The loss of your baby will have an impact on your relatives and friends although they will handle it in different ways. Many people simply don't know what to say, how to act, what to do to express their sympathy. They may be afraid of saying or doing the wrong thing; they may feel helpless because they don't know how to comfort you or give you support.
Because of this, friends may say things that seem unsympathetic, or they may pull away so that it seems they're not there for you. They may be feeling vulnerable. All of which could leave your feeling alone and angry.
One way of dealing with this is simply to tell relatives and friends what you need from them, whether it's someone to listen to you or a home-cooked meal. While this may require extra energy on your part, the return will probably be worth it. People who care about you will generally be grateful to know what they can do . . . and you'll benefit by getting the kind of support and help you need.

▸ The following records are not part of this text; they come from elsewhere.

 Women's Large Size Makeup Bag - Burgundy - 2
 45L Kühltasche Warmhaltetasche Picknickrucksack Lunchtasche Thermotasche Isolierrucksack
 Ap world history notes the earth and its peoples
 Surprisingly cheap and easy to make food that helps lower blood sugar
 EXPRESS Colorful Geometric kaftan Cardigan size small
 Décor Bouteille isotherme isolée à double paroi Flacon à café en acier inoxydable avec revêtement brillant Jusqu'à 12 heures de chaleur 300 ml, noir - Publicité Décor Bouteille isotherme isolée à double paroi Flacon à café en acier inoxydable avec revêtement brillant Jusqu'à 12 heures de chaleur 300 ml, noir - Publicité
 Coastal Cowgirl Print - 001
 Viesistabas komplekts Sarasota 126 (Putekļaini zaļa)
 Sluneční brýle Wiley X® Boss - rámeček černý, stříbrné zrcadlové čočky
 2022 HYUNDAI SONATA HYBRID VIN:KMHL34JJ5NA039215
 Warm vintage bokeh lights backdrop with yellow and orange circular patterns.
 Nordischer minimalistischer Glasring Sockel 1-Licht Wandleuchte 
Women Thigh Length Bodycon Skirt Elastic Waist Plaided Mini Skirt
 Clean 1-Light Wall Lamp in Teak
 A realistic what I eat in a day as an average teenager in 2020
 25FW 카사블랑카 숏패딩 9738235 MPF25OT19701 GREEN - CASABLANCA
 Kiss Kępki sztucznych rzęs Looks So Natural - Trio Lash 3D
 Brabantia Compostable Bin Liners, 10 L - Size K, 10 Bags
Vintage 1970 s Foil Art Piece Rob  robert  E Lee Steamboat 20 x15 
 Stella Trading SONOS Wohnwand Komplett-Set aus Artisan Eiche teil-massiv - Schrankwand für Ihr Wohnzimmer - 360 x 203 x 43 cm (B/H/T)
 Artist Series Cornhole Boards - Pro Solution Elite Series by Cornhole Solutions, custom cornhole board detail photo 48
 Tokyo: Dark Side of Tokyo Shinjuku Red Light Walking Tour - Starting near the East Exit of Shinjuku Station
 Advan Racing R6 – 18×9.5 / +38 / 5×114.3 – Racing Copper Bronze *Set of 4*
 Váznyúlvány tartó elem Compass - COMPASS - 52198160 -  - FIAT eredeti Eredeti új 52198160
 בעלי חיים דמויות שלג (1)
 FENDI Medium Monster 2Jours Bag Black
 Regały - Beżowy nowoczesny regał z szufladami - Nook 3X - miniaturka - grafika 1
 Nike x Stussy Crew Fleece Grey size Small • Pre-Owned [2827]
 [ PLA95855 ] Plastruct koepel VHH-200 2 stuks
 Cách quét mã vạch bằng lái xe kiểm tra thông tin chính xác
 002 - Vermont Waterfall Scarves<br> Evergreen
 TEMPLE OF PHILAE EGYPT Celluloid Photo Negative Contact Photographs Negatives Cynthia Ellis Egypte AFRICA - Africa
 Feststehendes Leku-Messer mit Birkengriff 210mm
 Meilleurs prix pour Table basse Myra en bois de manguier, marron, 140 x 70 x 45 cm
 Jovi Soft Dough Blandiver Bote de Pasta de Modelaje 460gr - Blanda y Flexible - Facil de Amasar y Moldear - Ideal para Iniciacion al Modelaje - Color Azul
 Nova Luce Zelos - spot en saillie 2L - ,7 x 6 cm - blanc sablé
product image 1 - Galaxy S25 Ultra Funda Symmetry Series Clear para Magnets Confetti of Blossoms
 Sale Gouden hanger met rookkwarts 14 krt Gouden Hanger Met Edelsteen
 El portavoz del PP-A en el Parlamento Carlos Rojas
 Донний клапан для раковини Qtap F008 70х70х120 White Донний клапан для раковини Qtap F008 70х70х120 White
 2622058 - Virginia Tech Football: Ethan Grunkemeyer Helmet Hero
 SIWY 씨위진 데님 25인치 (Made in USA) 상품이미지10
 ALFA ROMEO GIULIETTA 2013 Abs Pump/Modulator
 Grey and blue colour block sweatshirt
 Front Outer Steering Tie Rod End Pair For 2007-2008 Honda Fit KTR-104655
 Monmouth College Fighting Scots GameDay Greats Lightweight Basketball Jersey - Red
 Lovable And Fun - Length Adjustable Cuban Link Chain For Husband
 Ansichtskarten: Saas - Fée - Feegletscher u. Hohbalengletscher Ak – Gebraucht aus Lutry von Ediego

While you'll want to talk with your family and friends about this in a way that is comfortable for you, here are some suggestions you might find useful:*
- Let them know that their calls and visits, their listening to you and letting you cry on their shoulder are all very important to you.
- Reassure them that you don't mind them asking questions. In fact, you need to talk about what happened and to cry about it. Thank them for asking.
- Confide that it would be most helpful to you if they offered to do specific things, like taking your kids for an afternoon or doing your grocery shopping, rather than suggesting that you contact them when you need help. You can explain that you don't have the energy to assign tasks and that you don't want to impose on them.
- Explain that you'd rather they share their feelings with you honestly, even if they do it awkwardly, than try to cheer you up or give advice or say the "perfect thing." Let them know that you understand they may not know what to say and that it's okay. Words from the heart, like "I can't imagine how awful this must be for you" or "I want to help you but I don't know how," are comforting in their honesty and empathy. Even their tears can be a comfort.
- Ask them to use your baby's name and remember him or her on anniversaries. Let them know that, even if you get pregnant again and have other children, you won't forget the baby who died.
- Thank them for their patience and support as you go through your grieving.
As time goes by, you may find that support from your family and friends dwindles. That doesn't mean they've forgotten about your baby or that they don't care. In all likelihood, they will continue to provide support if they know it's needed.
Keep in mind that, since grieving is a very individual thing, you need to do it according to your own timetable, not according to others' expectations of when you should "pull out of it." As you gradually have more and more good days, you'll resume your activities and contacts and allow yourself to laugh and have a good time. While the pain from losing a baby never goes away entirely, it does diminish enough so that you can go on with life and look forward to the future. Only you know how long you need to take to heal and to integrate the loss of your baby into your life. However, if you feel that you've become stuck in one phase of grieving or are unable to return to your normal activities, you should seek counseling.